Beachwood High School Seniors Tap Tweeting Skills for Cedar Point
Facebook isn't just for fun anymore for senior marketing class
Ask any high school senior what they think a marketing job might entail, and they will probably give a short list: advertising expertise, writing skills and a bit of schmoozing.
But ask the seniors in Jean Getz’s marketing class at Beachwood High School, and they will add one more skill to that list: tweeting.
While social networking started as a hobby — one more way for people, mostly younger ones, to get in touch with each other — it has become an integral part of millions of people’s lives, and an even more integral part of running a successful marketing campaign.
Local businesses like Sushi Rock, the city schools and The Agnon School, the Beachwood Library, news outlets (including, of course, Beachwood Patch) use Facebook and Twitter to connect to the customers, parents and readers they want to market to.
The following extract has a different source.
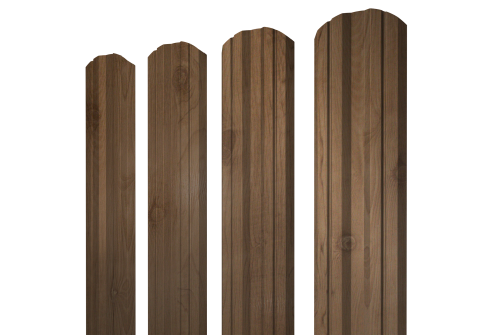 Штакетник Twin фигурный 0,45 Print Premium Pine Wood Fresh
Getz’s class is given one major marketing research project each year: one for a real company with a real budget. This year the class has been tasked with recommending a social media strategy to Cedar Point amusement park.
“I feel like this is obviously a new field of study coming and I feel like it’s going be a lot bigger in the future. I feel like our generation is one of the first to really be a part of that,” said Beachwood High School senior Haley Marbleston.
Joon Kim, also a BHS senior, added, “The people [companies] hire from the social media generation know more about their actual positions than their bosses do. We just use it every day and we know what people want to see and what gets people engaged.”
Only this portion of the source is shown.